I've got to go now - I'll see you later - it was nice chatting!

----------


## Nurreven

Thirsty Bandit and Brenda1817 you must not chit chat on this thread - I was told off earlier by one of moderators and I am only new so I don't want to be thrown off the boards.  Tell me more about Emmerdale - what is Emmerdale is it a place?   :Ponder:

----------


## brenda1971

Maybe if you watch Emmerdale tonight on itv at 7 you might learn more.It is a village in the yorkshire Dales

----------


## Nurreven

> Maybe if you watch Emmerdale tonight on itv at 7 you might learn more.It is a village in the yorkshire Dales


Oh?  my friend just told me it was a farm I suppose I will have to see for myself.
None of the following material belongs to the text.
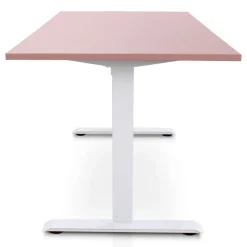 Lineaflex MRC MRC EASY Zit-Sta Bureau – Elektrisch Verstelbaar – 160x80 cm – Blad Dusty Rose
Do you think it will be on sky I don't have normal tv

----------


## brenda1971

> Oh?  my friend just told me it was a farm I suppose I will have to see for myself. Do you think it will be on sky I don't have normal tv



i think that they show it on itv 2 at the weekend.Also i was trying to find out why thirsty bandit was poking fun at you.You seem really nice what is your proper name

----------


## atomicgem

> What made me think was the way he was looking at emily last nite.Also Emma has started to take a few steps on her own so that is good


Who is Emma????  :Searchme:

----------


## atomicgem

> Emma is my daughter


thought this was the emmerdale page!!! not chit chat,   :Angry:

----------


## Jade

Please Do Not Use This Thread For General Chit Chat

----------


## brenda1971

Sorry it wont happen again.Where do you go if you wanna general chat

----------


## Jade

> No worries, we have a thread for BBC Friends, although you may not be from there you can have a general chat.
> 
> See here


I posted it for you yesterday

----------


## Sherbs

I honestly think paul and emily are going to get together. I am well aware he is gay, but that doesn't mean he can't find someone he loves from the opposite sex. Although she is female, she is daft and appeals to his sense of humour, and they both sound similar (high pitched squeaky voices!).
Time will tell.

----------


## Jemma

No, I don't think they are going to get together!! If they do get together I think it will be very unrealistic, i hope they don't, i think they are just what each other needs but as friends only!! lol

----------


## Roslyn

too right so irritating

----------


## chance

god i hate the man!

----------


## Keating's babe

I'm loving Paul and his new found friendship with Emily.  Chalk and cheese but it works.  I loved the shocked look when Emily told him about Viv.

----------


## brenda1971

I am warming to paul now.I think him and Emily are a great double act

----------